Проговорили мы больше двух часов, что-то ели, пили чай, Иосифу я варила кофе, расставаться нам не хотелось. «…и как это бывает с гениями в процессе становления, произвел на все семейство неизгладимое впечатление», — написал Питер Акройд о молодом Тернере. Такое же впечатление произвел на нас молодой Бродский. Впоследствии я не раз убеждалась — Иосиф либо сразу принимал людей, которые ему внутренне близки, либо так же с порога отвергал тех, кто ему не по душе. И делал это прямо, открыто, иногда резко, радуя одних и обижая других. Интуиция у него была невероятная, он редко ошибался в людях.

Я все время нашего первого общения держала в голове: Иосифу грозит опасность в Ленинграде, а потому Ахматова просила его удержать в Москве. Я с жаром стала уговаривать Иосифа пожить у нас, сколько он захочет: комната, где мы трапезничаем, в его полном распоряжении, мы сами живем в другой комнате, здесь — только принимаем гостей. Иосиф может в тишине писать стихи, переводить австралийцев, приходить и уходить, когда ему заблагорассудится, приглашать сюда своих друзей, я дам ключ от квартиры. Обычно Андрей не любил, когда я кого-то приглашала пожить у нас, нередко выговаривал мне в сердцах: «Почему тебе мало меня в доме, тебе обязательно подавай цыганский хор». А тут с радостью поддержал: «Оставайтесь, Иосиф!».

Чувство солидарности с преследуемыми и гонимыми властью у меня в крови. Мой дед еще в конце XIX века из Лодзи был отправлен в кандалах на каторгу в Нерчинск на семь лет, а затем — на вечное поселение в Сибирь. Моя бабушка с двумя детьми поехала из Польши за ним, моя мама родилась в тюремной больнице Горного Зерентуя, вокруг были политкаторжане самых разных национальностей, помогавшие друг другу.

В 1907 году моя бабушка передавала еду в камеру двум левым эсеркам — Марии Спиридоновой и Риве Фиалке.
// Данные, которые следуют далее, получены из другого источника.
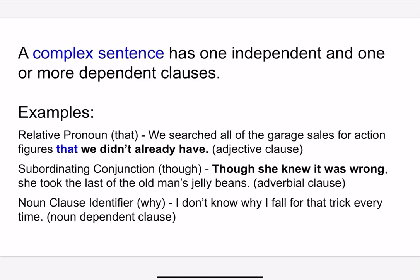And finally, we have the noun clause identifier introduced with the word 'why': "I don't know why I fall for that trick every time." So that introduced the noun dependent clause.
В камере Нерчинской тюрьмы Мария Спиридонова и Рива Фиалка на куске черного бархата расшили цветными нитками, обратной стороной иголки, красивый узор и подарили его моей бабушке в знак благодарности. Этот кусок вышивки по бархату должен был служить лицевой стороной наволочки на диванную небольшую подушку. Моя бабушка не применила эту вышивку по назначению, а хранила до конца своей жизни этот кусок бархата как память об этих женщинах и своей трудной жизни в Нерчинске с маленькими детьми после смерти мужа в 1907 году.
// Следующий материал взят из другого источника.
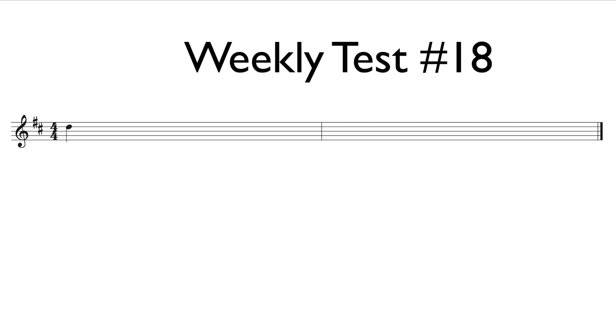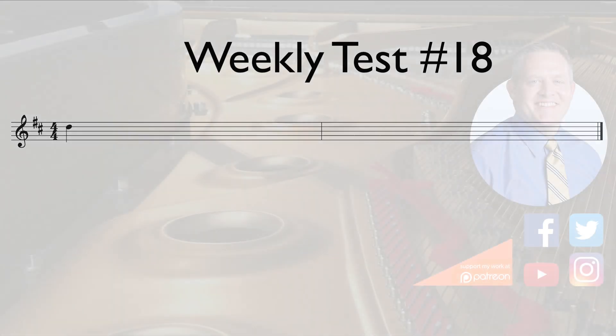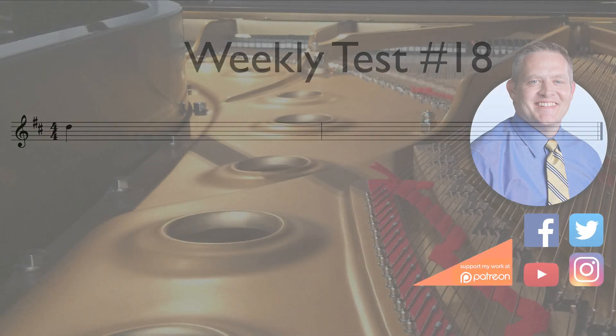For the answer, turn to page 47 of RCM's four-star sight reading and ear test book. Thank you.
Бабушка оставила этот подарок своей младшей дочери, моей маме, рассказав ей историю этой вышивки и ее авторах. Мама свято хранила этот бабушкин дар, взяла эту вещь в наш единственный чемодан, с которым нас спешно эвакуировали в октябре 1941 года в Челябинск, а по дороге наш состав бомбили. Затем этот подарок путешествовал с нами по Забайкалью, Дальнему Востоку и Казахстану, по тем рудникам, где работал мой отец, горный инженер. Так этот кусок расшитого бархата, согретый руками двух сиделиц и моей бабушки, которую я в живых не застала, попал ко мне.
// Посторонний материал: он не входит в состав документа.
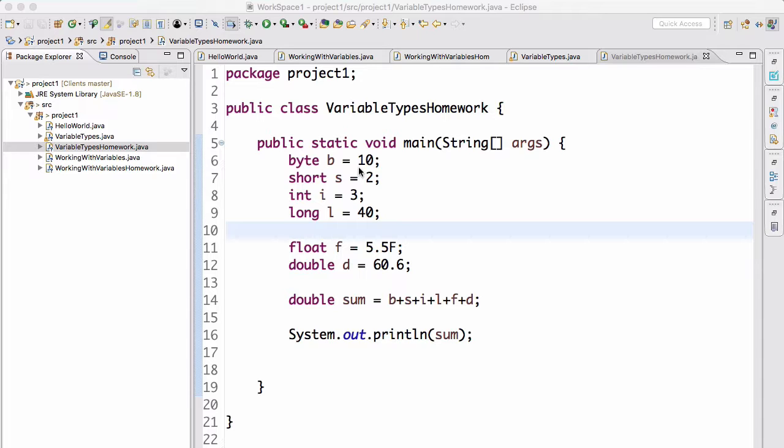six variables, each of a different numeric data type that we went over, assign them some random values, and then print the sum of those values. Here's essentially what you should have done: I have six variables of type byte, short, int, long, float, and double, and I assigned each of them their respective types of data.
Я решила отдать эту вещь в Московский «Мемориал», там ведь сохраняют документы и артефакты всех репрессированных в разное время, до 1917 года в том числе. И там случилось чудо. Ян Рачинский, сопредседатель Московского «Мемориала», с которым я не была знакома и родословной которого не знала, оказался внуком Ривы Фиалки. Его немедленно позвали. Он был взволнован моим рассказом и зачарован этим куском отлично расшитого бархата, в основном, как мне там объяснили, руками его бабушки-белошвейки. Ян Рачинский попросил показать эту вещь его отцу, сыну Ривы Фиалки, который еще жив, хотя и в преклонном возрасте. Все-таки добрые дела, особенно совершенные от чистого сердца и в трудных жизненных обстоятельствах, живут своей долгой-долгой и невероятно замысловатой жизнью, и всегда заканчиваются чудесно.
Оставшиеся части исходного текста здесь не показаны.